Intanto, la commissione Affari costituzionali della Camera ha dato il via libera al testo del decreto, ma puntando l’attenzione sulle previsioni che riguardano il sistema delle province. La commissione chiede che vengano definite per legge tutte le modalità elettorali che riguardano gli incarichi elettivi perché con decreto non si può fare.Serve, inoltre, una norma transitoria che tenga conto del fatto che sette sono le province (Vicenza, Ancona, Ragusa, Como, Belluno, Genova e La Spezia) che fra aprile e giugno 2012, cioè in corrispondenza dei termini fissati dal decreto, andranno al voto per scadenza naturale.
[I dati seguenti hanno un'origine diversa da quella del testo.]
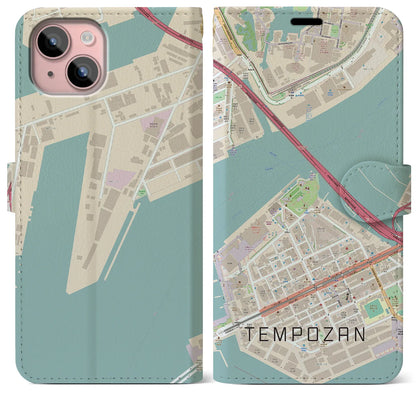 【天保山（大阪府）】地図柄iPhoneケース（手帳タイプ）ナチュラル・iPhone 15 Plus 用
Non solo: per la commissione prima della Camera è necessario modificare, togliendo l’aggettivo ‘politico’, il passaggio in cui si stabilisce che alla Provincia spettano le funzioni “di coordinamento e di indirizzo politico dei comuni nelle materie e nei limiti indicati con legge statale o regionale” . Infine, sulla “gratutità” delle cariche elettive di enti territoriali non previsti dalla costituzione, come i municipi delle grandi città, l’indicazione della commissione è che la previsione vada applicata solo a partire dal momento del rinnovo degli enti.

STOP ALLE PENSIONI CASH

Tra le nuove norme della manovra, l’abbassamento della soglia per l’uso del contante: riguarderà anche le pensioni: quelle superiori ai 500 euro, se erogate da amministrazioni pubbliche, non potranno essere più pagate in contanti, ma serviranno strumenti di pagamento elettronico, di banche o poste. La stessa norma vale per stipendi e compensi pubblici.